Why Gloria is running

In December 2002, Gloria Macapagal-Arroyo felt so discouraged about how the country was faring under her leadership that she found herself suddenly announcing she was not standing for election in 2004.  The decision jolted even her closest allies who were only too aware of her consuming quest for another six-year term.

By then, two years had passed since the presidency fell on Gloria’s lap.  The euphoric expectations that attended the overthrow of an incompetent and corrupt presidency had all but evaporated.  Hopes for reform lay buried under a series of compromises forged by a fixation with 2004.  The public was restless again.  The President saw that she was the focal point of the relentless politicking that plagued the country.  She said she was sacrificing her political ambition to begin a national healing process that would permit the government to do its work.  The announcement was widely applauded as a new beginning.

Nine months later, she is still talking of personal sacrifice, but this time what she is offering to give up is no longer political ambition but the pleasure of retirement.  The country is as divided as ever, she admits.  But instead of being heckled into retirement, she is now accepting the challenge of continued service, citing the experience she has gained as president as an advantage the country should not waste.  What experience is she talking about?  Experience at using political power to perpetuate political power?

Since she became president, GMA has shown nothing but the same ruthless readiness to treat top government offices as political spoils to be distributed to individuals who have no other qualification but personal loyalty to the president.  Edsa II was a revolt against the culture of patronage.  But instead of dismantling this pre-modern political culture, GMA began her presidency by enforcing its logic.

This went on even after she announced her retirement from politics.
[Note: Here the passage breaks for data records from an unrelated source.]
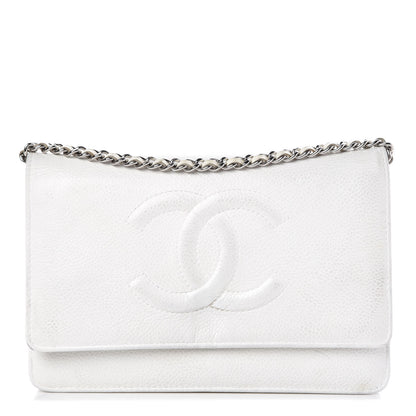 Chanel Caviar Timeless CC Wallet on Chain WOC White 1 of 13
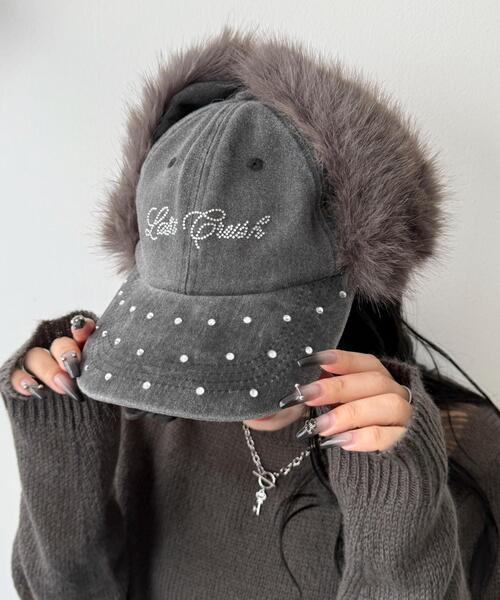 WEGO(ウィゴー)の「WEGO/ラインストーンドッグイヤーキャップ(キャップ・レディース・ライトピンク/ブラック/その他1・FREE)」の2枚目の写真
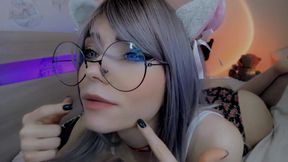 Cat Girl with Glasses Begs You to Cum on Her Slobbery Ahegao Face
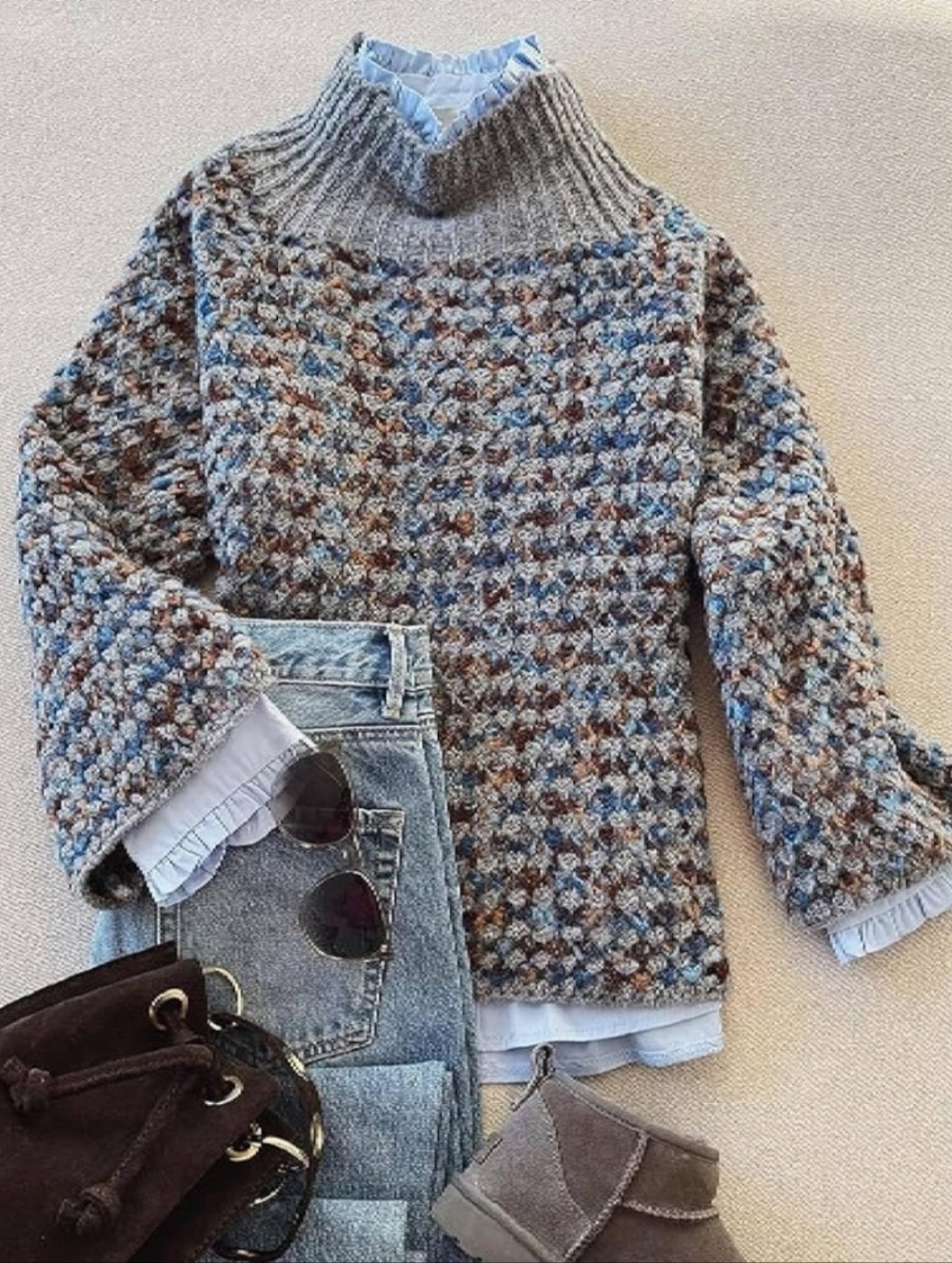 🇬🇪☔️🔹️Purple, Blue, & Gray Marled Knit Mock Neck Sweater Medium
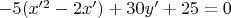 $-5(x'^2-2x')+30y'+25=0$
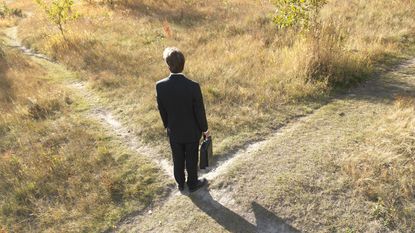 A businessman with a briefcase stands in a field, deciding which path to choose from two before him.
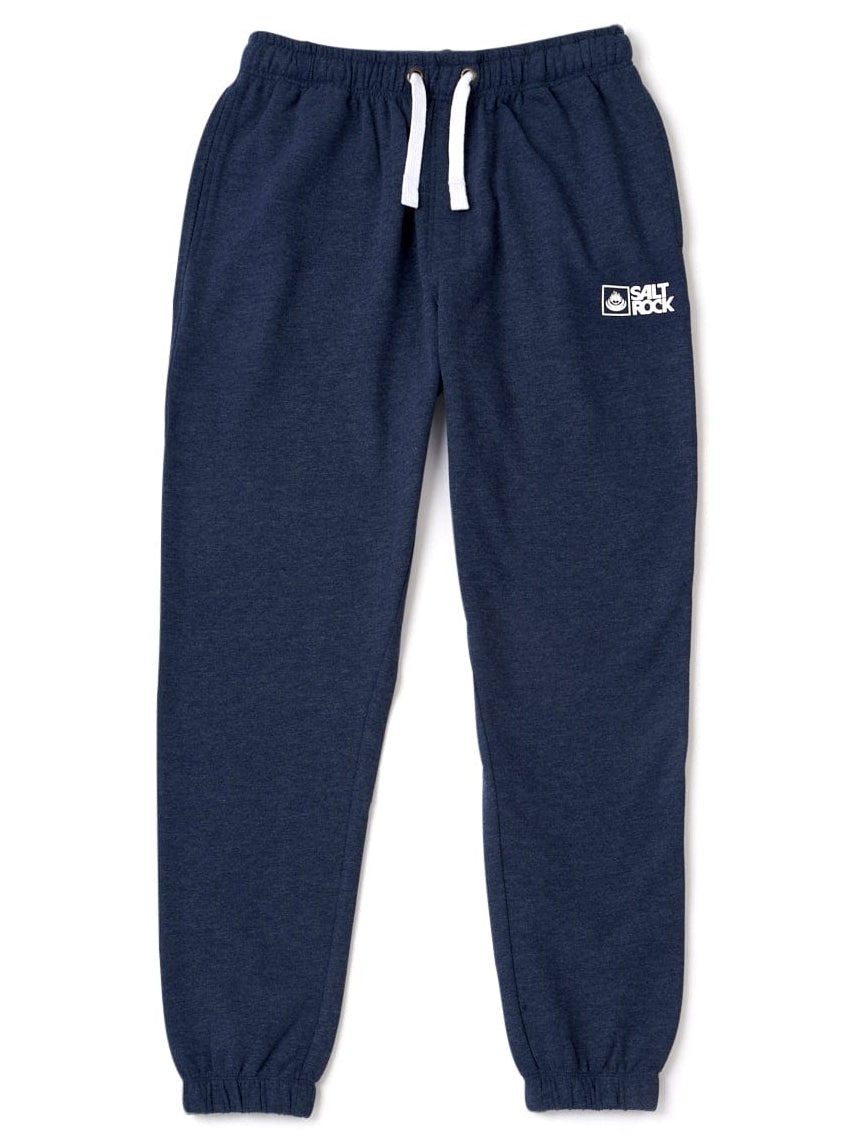 Front view of a pair of mens Saltrock jogger sweat trousers in blue marl with drawstring waist on a white background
As a political observer, I have learned not to assign too much weight to the reasons that politicians give for their actions.   I find that they have no trouble citing the same value to justify two diametrically opposed decisions.  More crucial to understanding political behavior is the analysis of conditions that make certain outcomes possible.

After GMA announced her withdrawal from politics, the public started to look to other leaders for new visions.  This was a public that was fed up with politics.  For a while Raul Roco was the most attractive alternative.  Young educated Filipinos who formed the constituency of Edsa II looked to him for leadership.  Unfortunately, Roco failed to rise above the generalities that all politicians mouth when they aspire for the presidency.  What the public was looking for was someone with a clear view of the road ahead and was unequivocal about his priorities.  For some puzzling reason, Roco became quiet when he needed to be heard more.
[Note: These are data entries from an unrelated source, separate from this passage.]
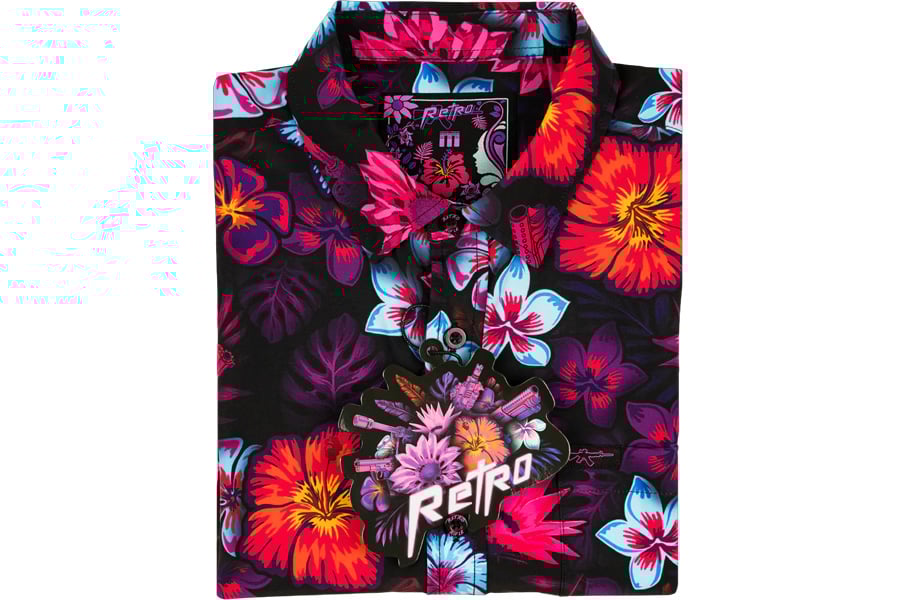Retro Rifle Tropical Fields Short Sleeve Button Down Shirt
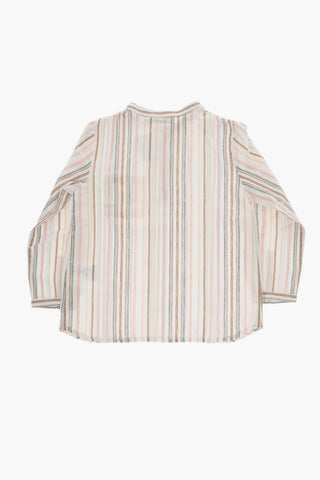 Striped ARTISTE Mandarin Shirt with 3-Buttons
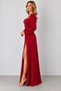 Women's Long-Sleeved, Slit-Front, Long Dress with Balloon Sleeves, Imported Crepe Fabric, Waist-Fitted, Elegant Style, Timeless Grace - 2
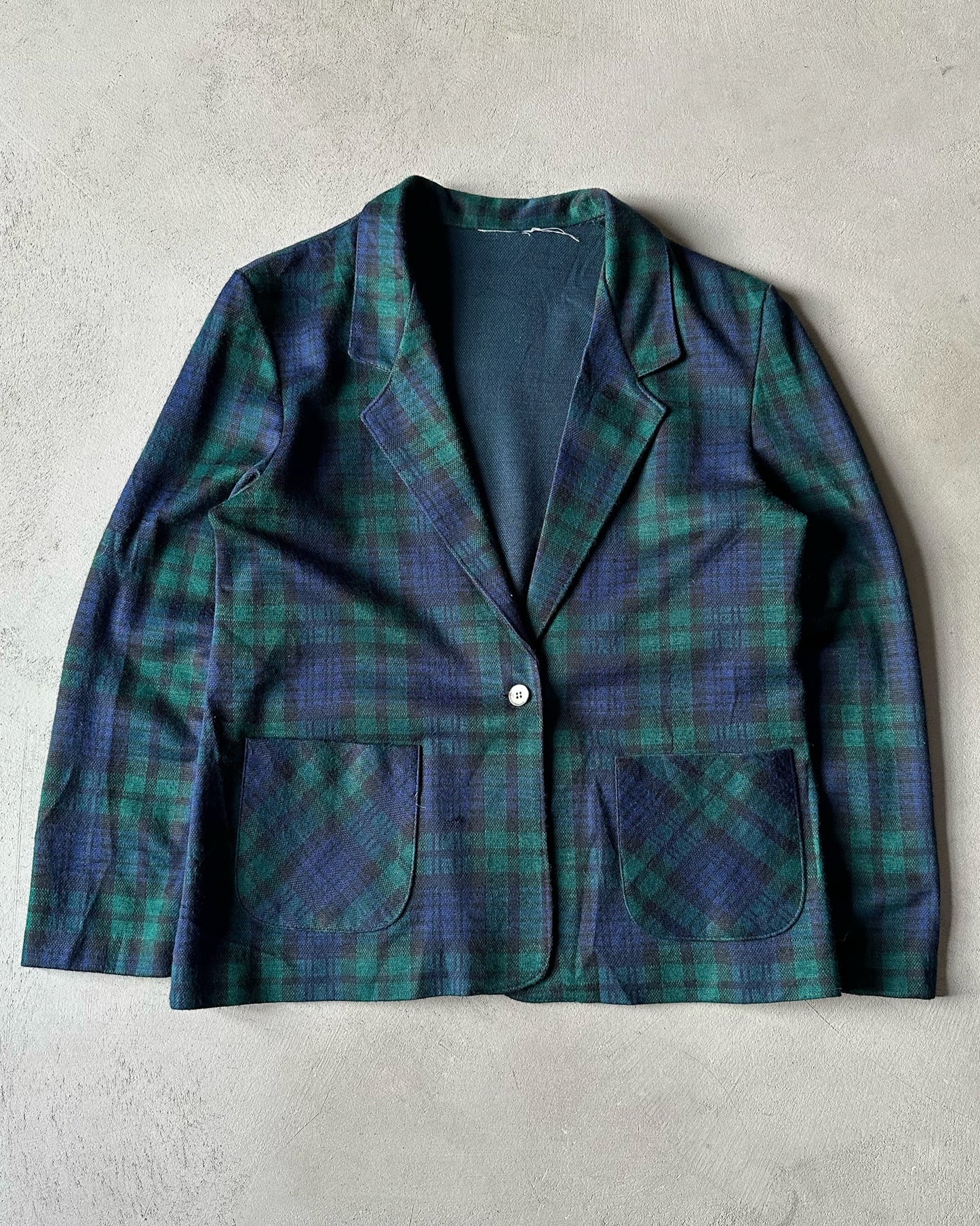 1980s - Navy/Green Plaid Women Light Blazer - S/M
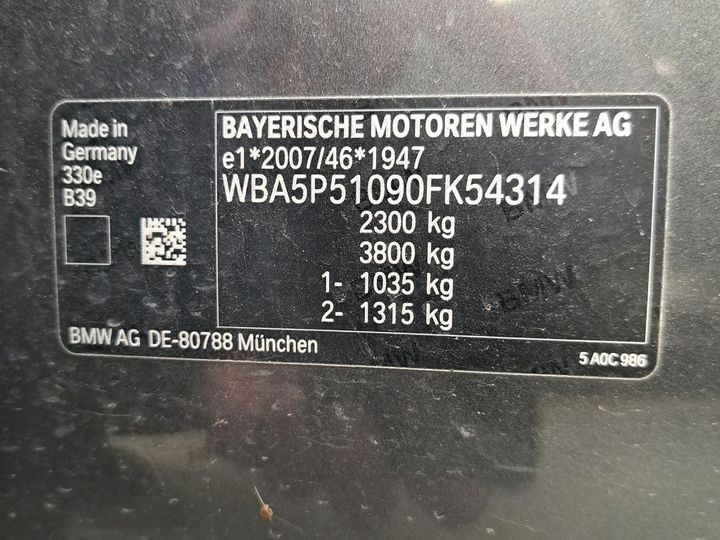 Photo 29 VIN: WBA5P51090FK54314 - BMW SERIE 3 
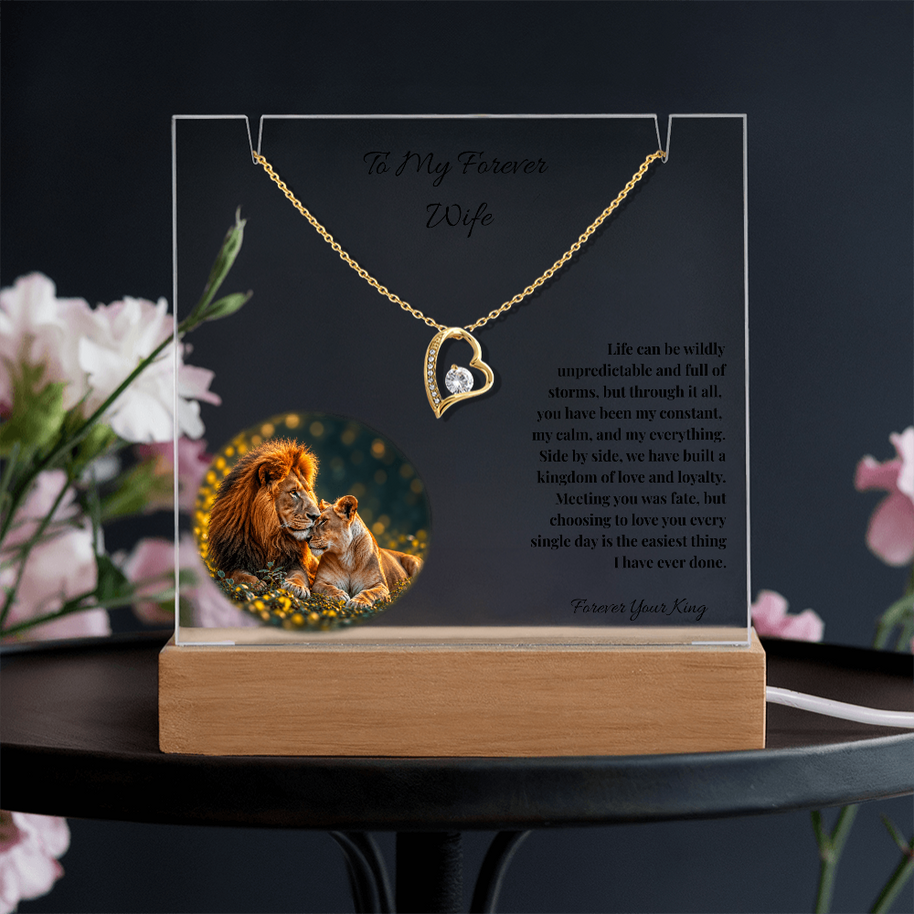 Lion Acrylic LED Plaque & Forever Love Necklace Gift Set for Wife – Forever Your King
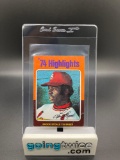 1975 Topps Mini #2 LOU BROCK Highlights Cardinals Vintage Baseball Card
Then Danding Cojuangco entered the picture promising a form of expertise bred in the corporate world. Politicians crossed party lines to endorse his candidacy.  But the excitement over Cojuangco proved to be short-lived.  As it turned out, it was not his past as a Marcos crony that hobbled him so much as his image as a wealthy politician who had almost nothing to say about mass poverty.  No matter how his publicists tried to invest him with a common touch, the masa could not identify with him.  The low ratings he got with the D and E crowd attest to this.

On the other hand, Ping Lacson, who started out as an improbable presidential aspirant, managed to command serious attention with his no-nonsense approach to public issues.  He was always forthright with his answers to questions.  He resonated the public’s contempt for politicians, and he consistently spoke in an idiom that instantly connected him to the masa.  He also succeeded in impressing a segment of the middle class that was fed up with rampant criminality and police corruption.  But Lacson has a long way to go.  He is a single-issue candidate.  His readiness to resort to malicious innuendo in his campaign to nail down the First Gentleman for corruption and money laundering has left a bad taste in the mouth.  The nation is looking for a statesman, not a rumormonger.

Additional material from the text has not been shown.